XSLT, id idref links

ID and IDREF

1. Question about linking using ID/IDREF
2. How to use ID without a DTD.
3. id resolution

1.

Question about linking using ID/IDREF

Jeni Tennison


> The text is defined with <refint> using an attribute of "refid" to
> link to the attribute of "id". I read earlier that I needed to use
> the XSLT style in conjunction with a DTD. I used XMLSPY to
> auto-generate a DTD.

It's true that if you use the id() function then you have to have a DTD to indicate that the attribute you want to use as an id is an ID attribute. However, you can have the same functionality using the key() function instead. So in your case, you could do:

<xsl:key name="tasks" match="task" use="@id" />

and then do:

<xsl:template match="para/refint">
  <font color="blue">
      <a href="#{@refid}">
         <xsl:value-of select="key('task', @refid)"/>
         <xsl:value-of select="."/>
      </a>
  </font>
</xsl:template>

Note that in the above I've used an attribute value template rather than an xsl:attribute element to create the href attribute.

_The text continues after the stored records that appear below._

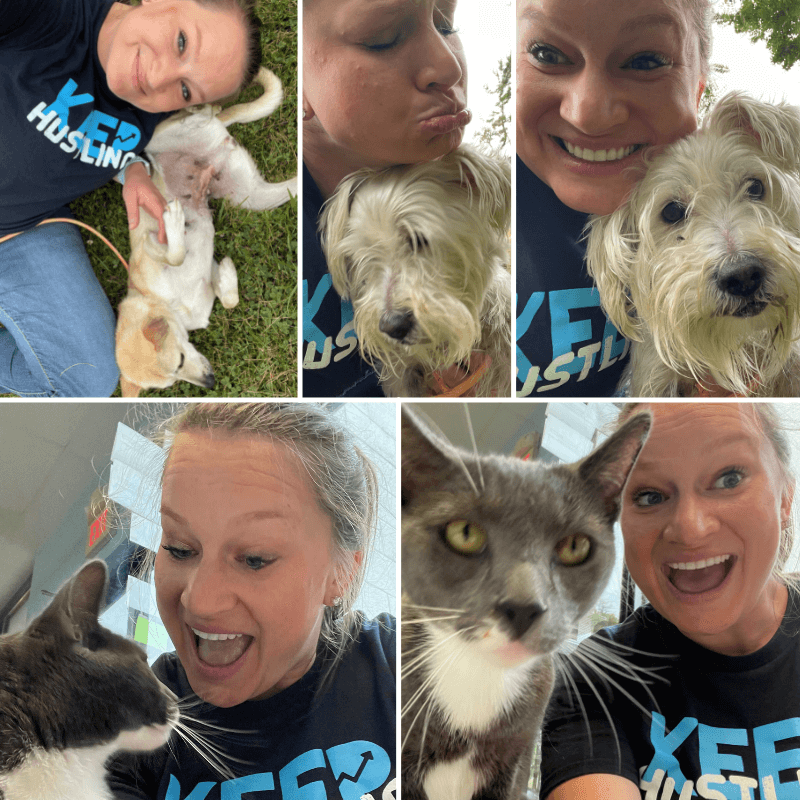 Lehigh County Humane Society - Collage of Bethany Making Faces With Dogs and Cats
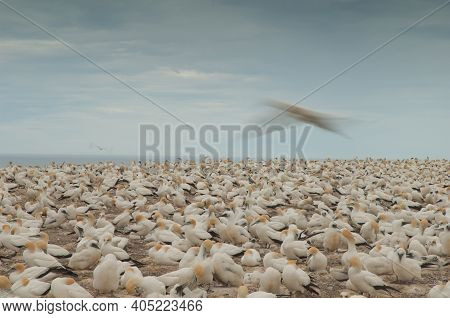 Australasian Gannets Morus Serrator. Plateau Colony. Cape Kidnappers Gannet Reserve. North Island. N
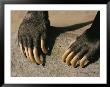 Close-Up Of The Claws Of A Malayan Sun Bear by Roy Toft Limited Edition Pricing Art Print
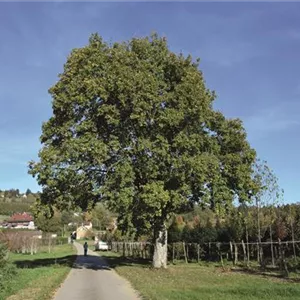 Acer monspessulanum Acer monspessulanum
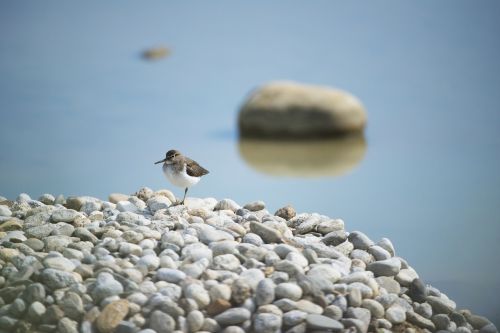 Kentish Plover, Paukštis, Laukiniai Paukščiai, Mazères, Ariège
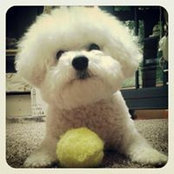 Chloe Bouxsein's photo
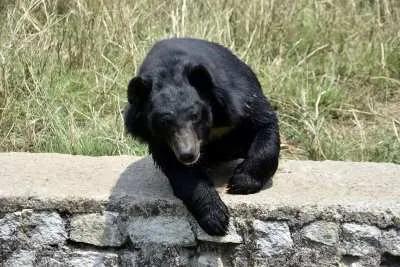 Bear in Japan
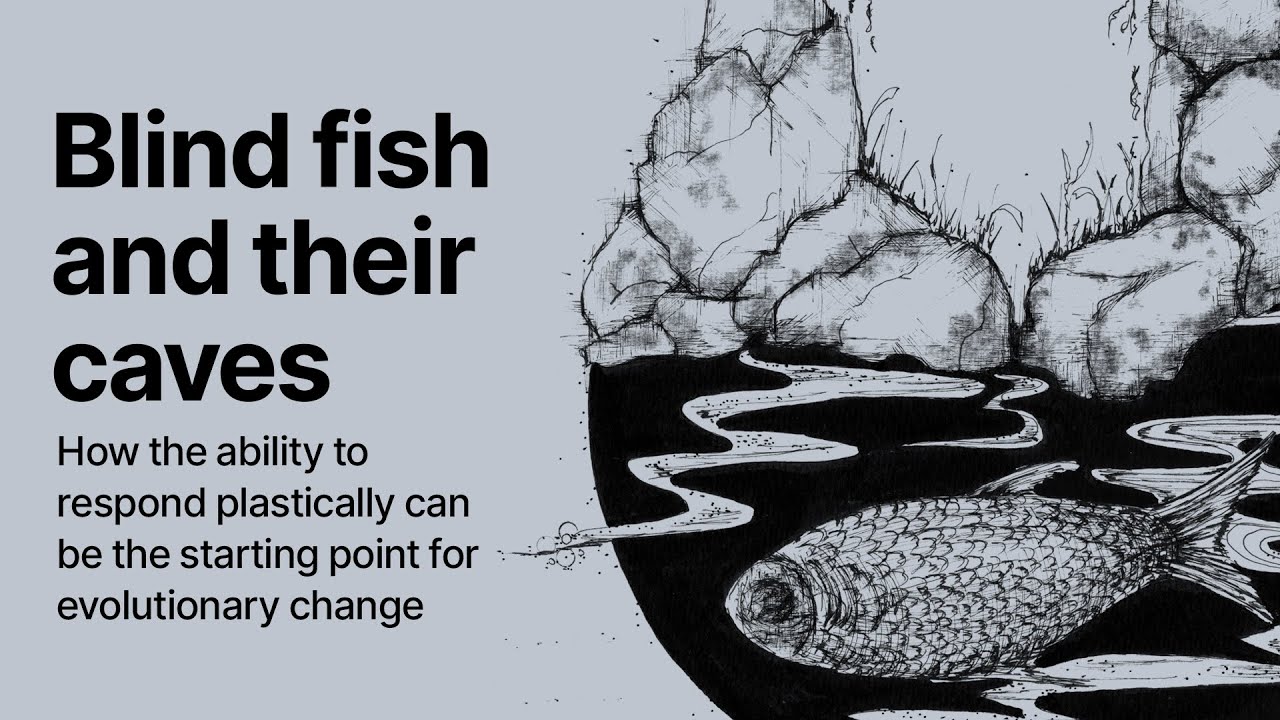 Blind fish and their caves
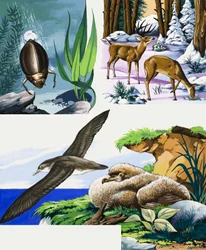 Wildlife montage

> Once I got my coding in place, I tried to view this data in IE5.5
> but it doesn't seem to work. When I place my cursor over the link,
> in the info-line at the bottom of IE5.5 I see,
> file:///c:/bjdir/amm/chap07.xml#T07-10-00-500-801-A.

When IE gets given the above URL, it goes off and finds chap07.xml. It then looks at that file to try to find an xml-stylesheet processing instruction to indicate an XSLT stylesheet that it should apply.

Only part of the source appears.